* YOUR INSTRUCTIONS *
Print the data below exactly as it stands, and keep the pictures out.

* COLLECTED DATA *

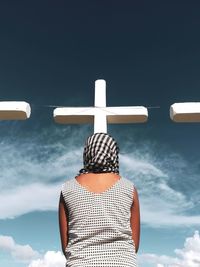 Low angle view of woman standing against cross during sunny day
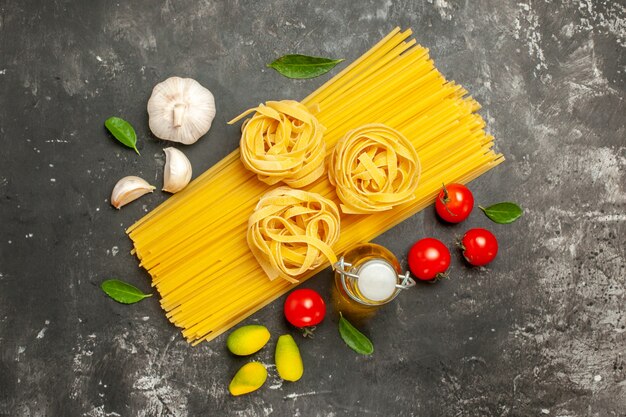 Bovenaanzicht rauwe Italiaanse pasta met knoflook en tomaten op lichtgrijze achtergrond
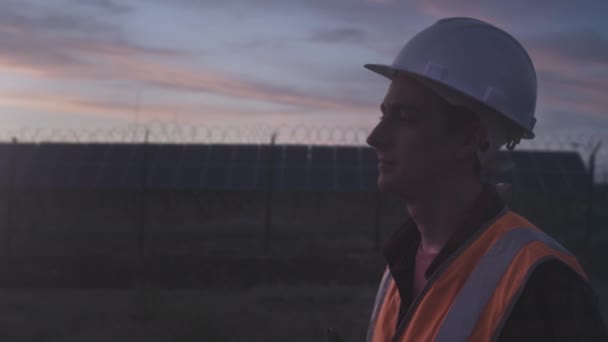 Retrato de um engenheiro trabalhador profissional do sexo masculino perto com painéis solares fazenda. Instalações fotovoltaicas. Tecnologias de energias renováveis — Vídeo de Stock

* SOLUTION TO THIS EXERCISE *
 Low angle view of woman standing against cross during sunny day
 Bovenaanzicht rauwe Italiaanse pasta met knoflook en tomaten op lichtgrijze achtergrond
 Retrato de um engenheiro trabalhador profissional do sexo masculino perto com painéis solares fazenda. Instalações fotovoltaicas. Tecnologias de energias renováveis — Vídeo de Stock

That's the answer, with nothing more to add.